After nearly six years of partnership, celebrity-stalking behemoth TMZ.com is ending their relationship with Starline Tours, Los Angeles' oldest and largest tour bus company. The L.A. Times reports that TMZ has accused Starline of refusing to pay TMZ their fair share of revenue on time, declaring that they will officially sever ties with Starline on Thursday. After "Termination Date," as TMZ's ever-subtle proprietor and "high prince of sleaze" Harvey Levin has dubbed it, TMZ will stop using all Starline buses and drivers.
The relationship began, like so many in Hollywood, as a mutually advantageous partnership. Levin first approached Starline with the idea in late 2010. TMZ would provide the guides and content, while Starline would supply the infrastructure (tour buses, drivers, dispatchers, maintenance, ticket sales personnel and marketing personnel, etc).
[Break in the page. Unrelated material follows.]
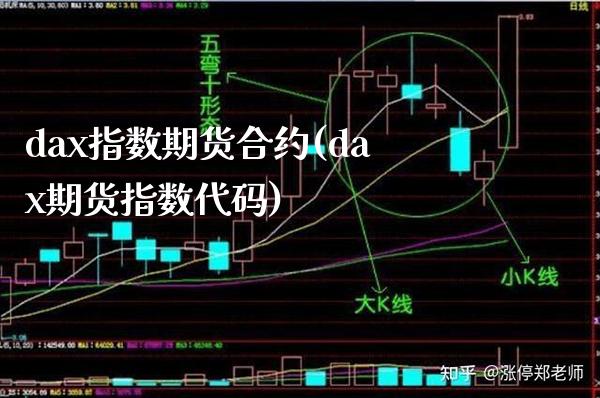 dax指数期货合约(dax期货指数代码)_纳指期货_第1张_公牛期货直播室 dax指数期货合约(dax期货指数代码)_https://www.gnhpgy.com_纳指期货_第1张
According to the Times, the two businesses would split the revenue 50/50, minus expenses.
The TMZ-branded Starline tours existed at some strange nexus of vertical integration and postmodern metanarrative from the beginning: With TMZ's guidance, the buses would be able to cruise past the very sites where the gossip juggernaut had reported their biggest scoops, all while four 26-inch TVs simultaneously screened footage of celebrity incidents that had previously aired on the TMZ website or TV show. And as the Times reported in 2011, the buses would also be equipped with video cameras to tape any celebrities who happened to be spotted in their native habitats along the route (that footage could then be sent back to TMZ studios for broadcast later in the day). The New Yorker reports that certain stars were known to call ahead with their locations and then act surprised when spotted by the tour group. "It’s almost like an African jungle safari—they’ll come up to the bus," Levin said.
According to the Hollywood Reporter, TMZ unexpectedly threw the first relationship punch earlier this year with a termination letter sent to Starline in February, followed by a lawsuit filed the next month. TMZ alleges that Starline has "missed every payment deadline for the past two years, sometimes by more than four months" in the suit.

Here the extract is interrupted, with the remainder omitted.